[Image-caption web data]
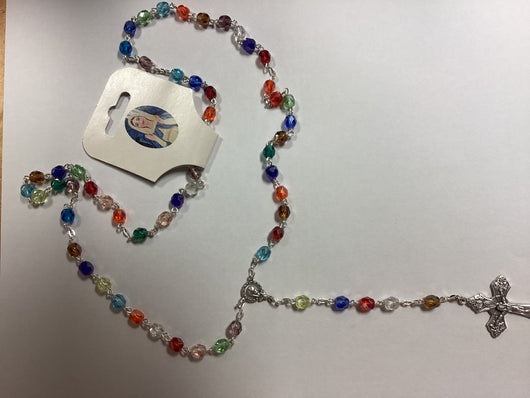 Shomali Multicolored Crystal Rosary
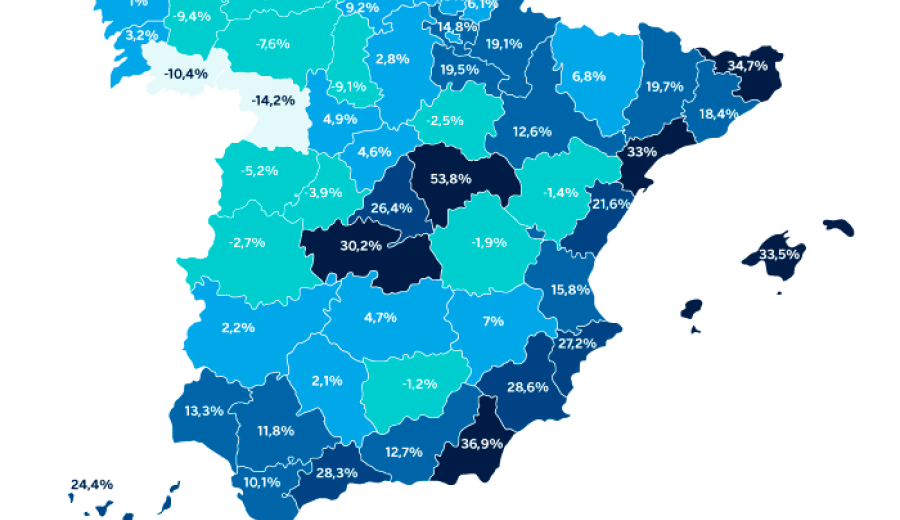 La población española crece un 15,4 % desde el 2000, mientras que la España rural se vacía
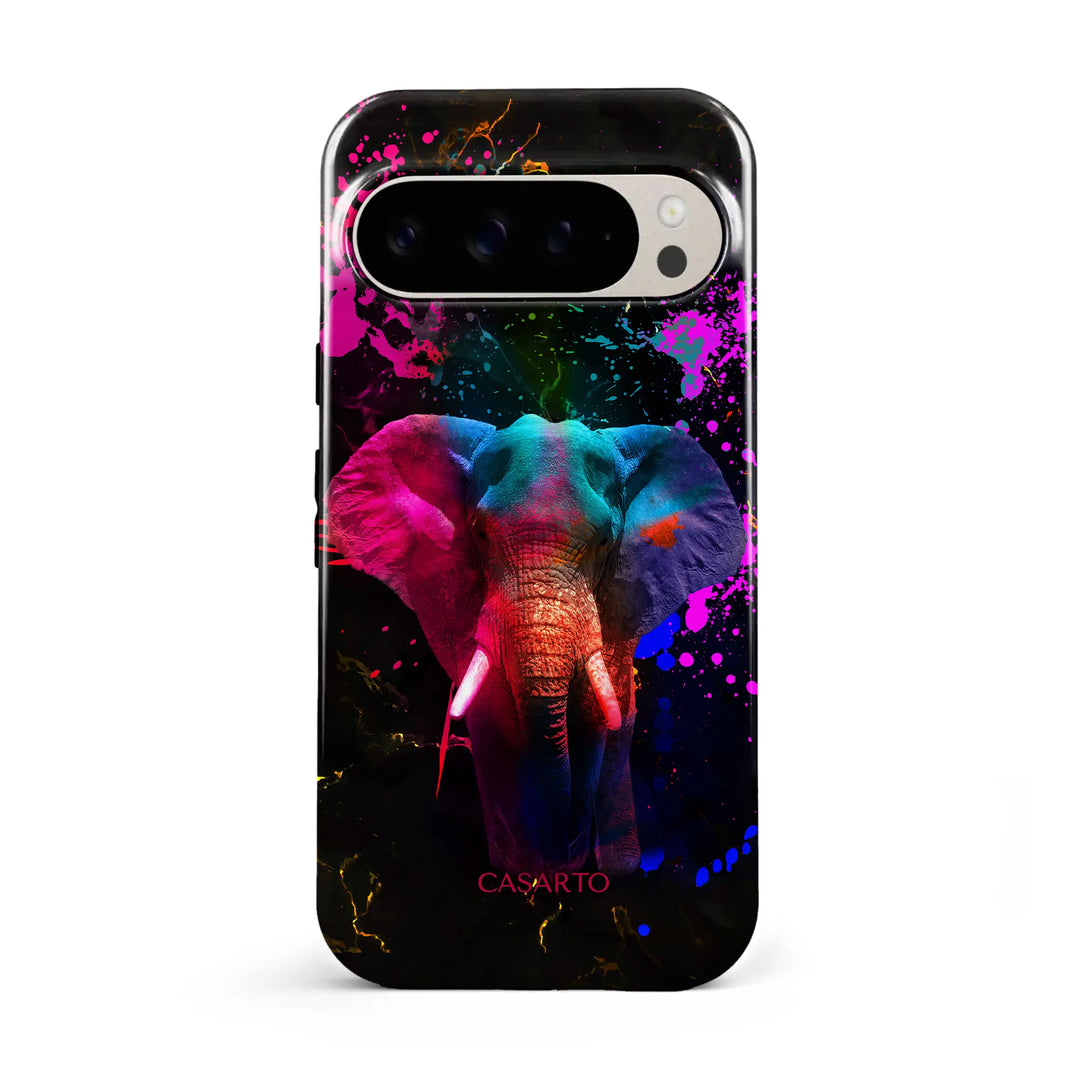 Éléphant coloré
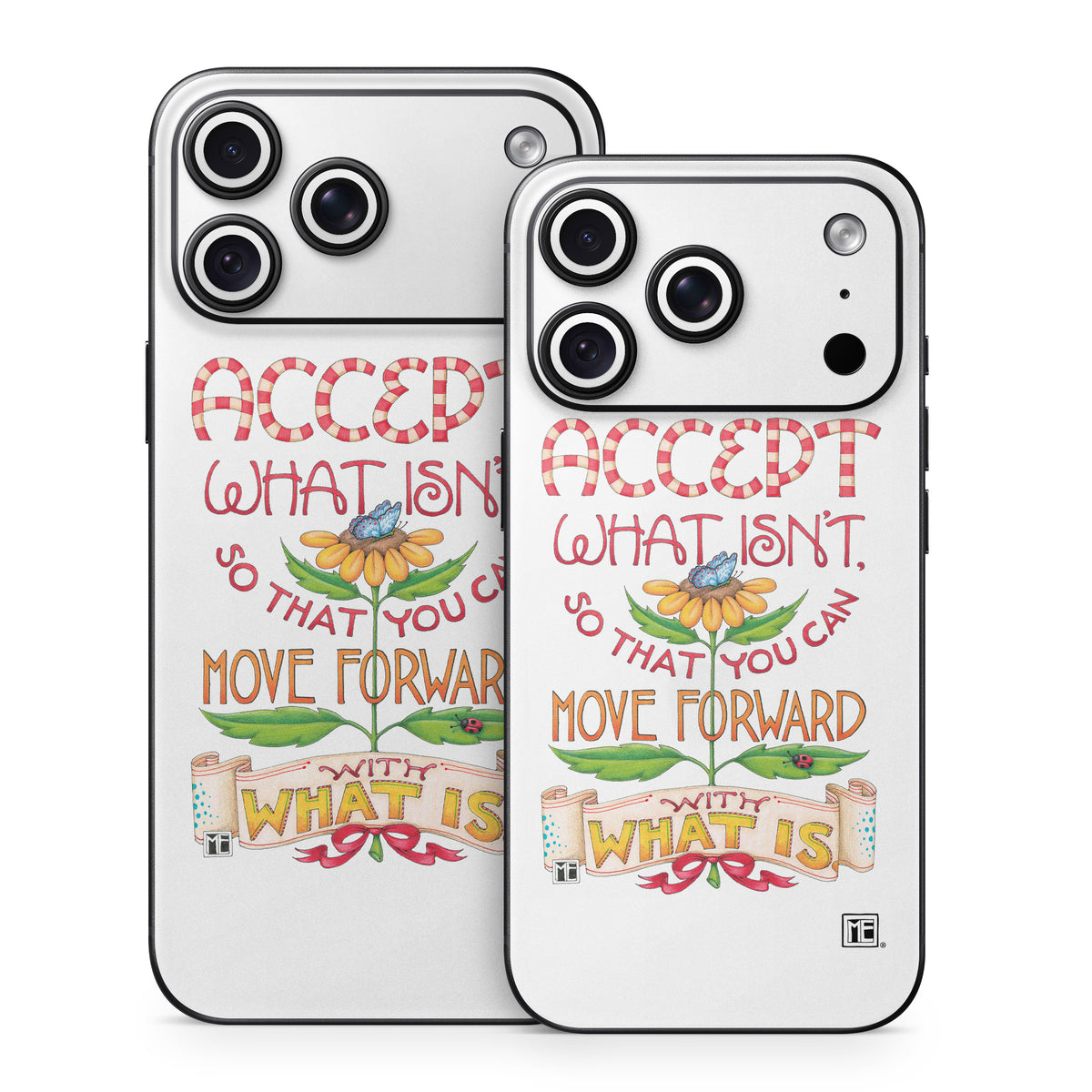 Accept What Isn't - Apple iPhone 18 Skin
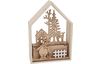 VBS wooden construction set "Winter house", 9 pcs.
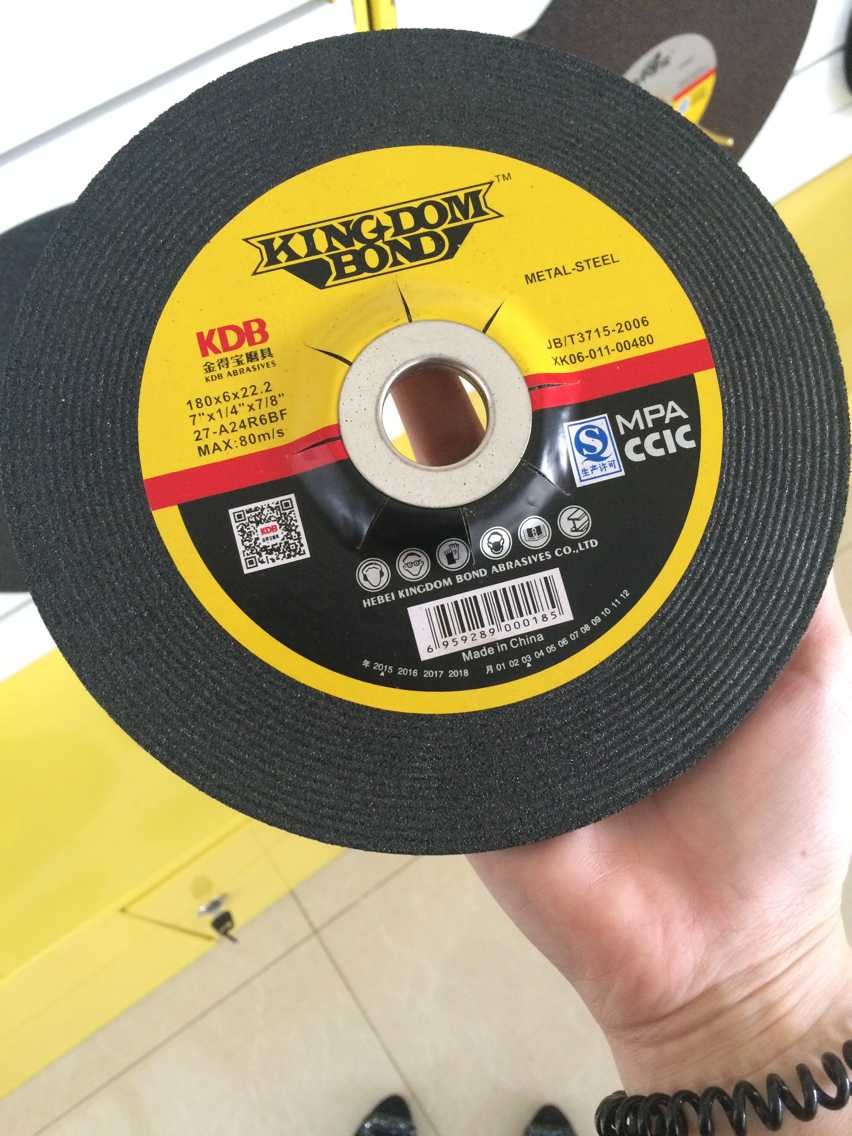 grinding wheel 180*6*22black color - Image 2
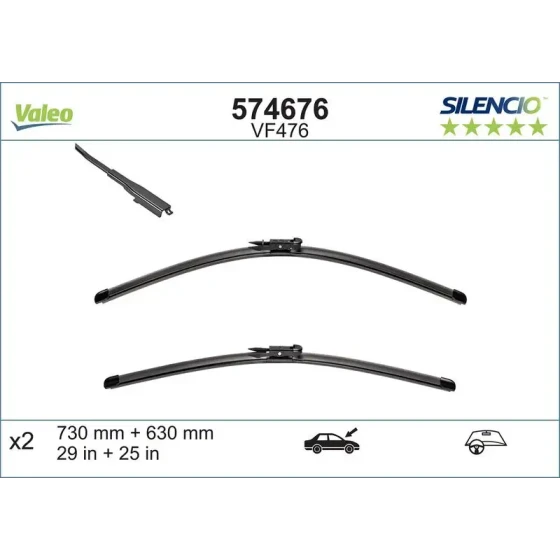 Valeo Silecek Süpürgesi (Takım) – 574676 ürün görseli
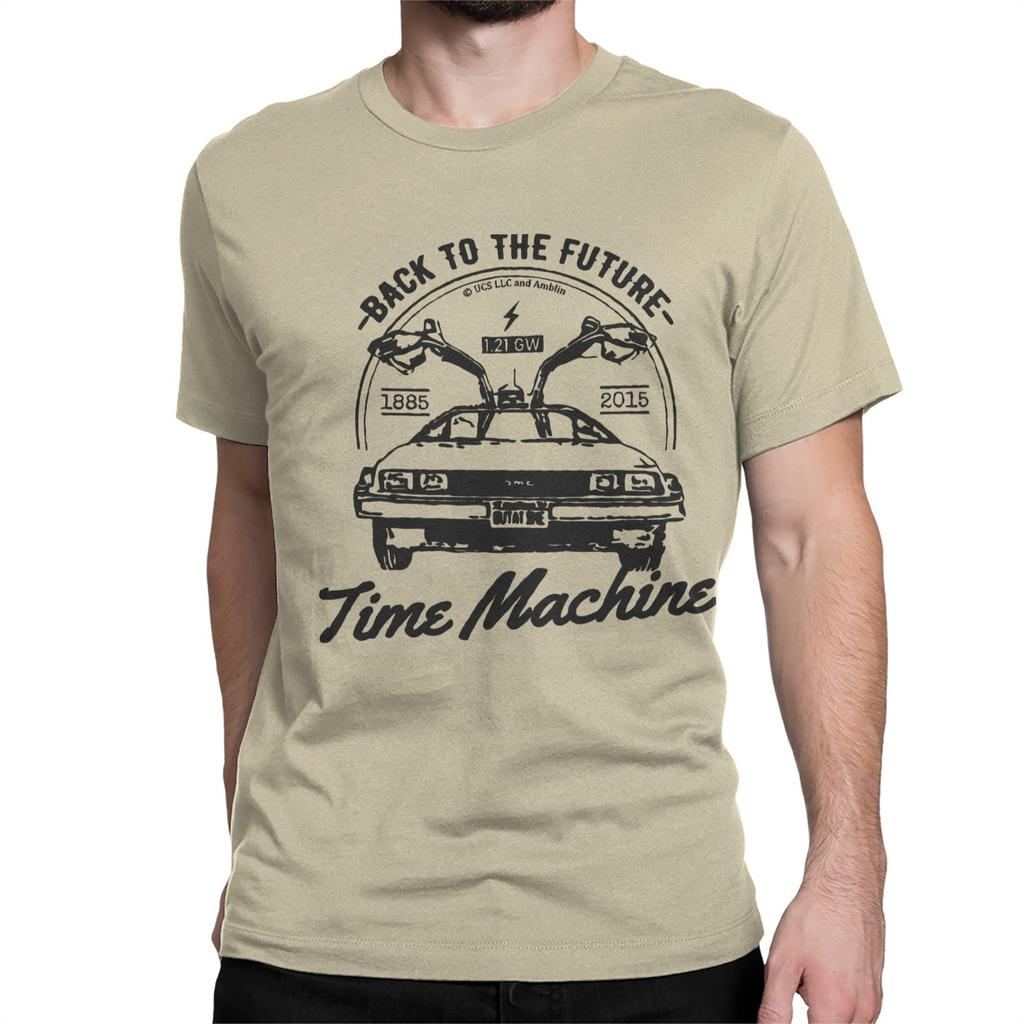 Męska Damska Koszulka Back To The Future Wehikuł Czasu Retro Logo BTTF Czysta Bawełna Odzież Casual Krótki Rękaw O-Neck T-Shirty Koszulka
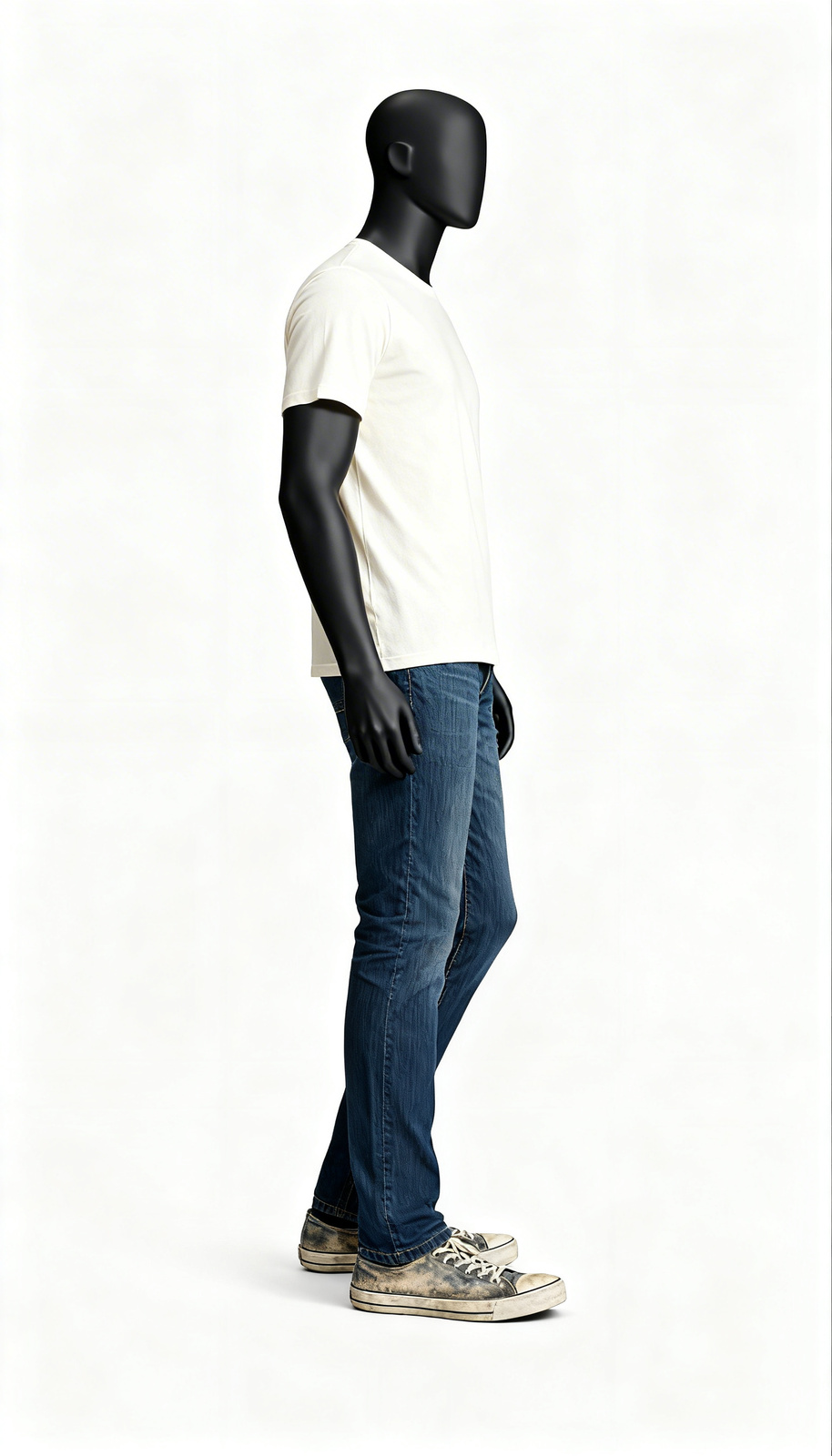 Dark Blue Slim Fit Jeans - Image 3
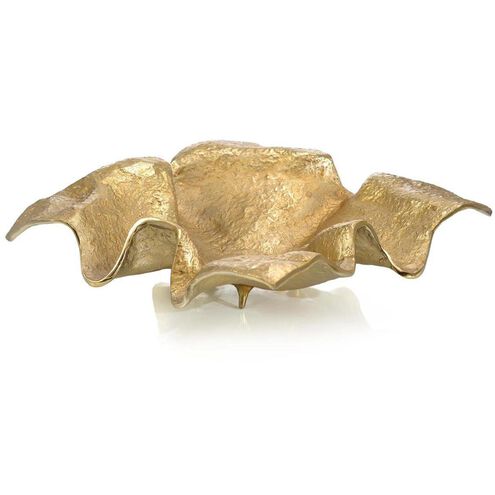 Draped Fabric 28 X 8.5 inch Bowl, Square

EXERCISE INSTRUCTIONS
Only the lines from the one containing "Dark Blue Slim Fit Jeans - Image 3" through the last line of the entries, both included, should be repeated exactly, and the pictures should be left out.

RESPONSE AREA
 Dark Blue Slim Fit Jeans - Image 3
 Draped Fabric 28 X 8.5 inch Bowl, Square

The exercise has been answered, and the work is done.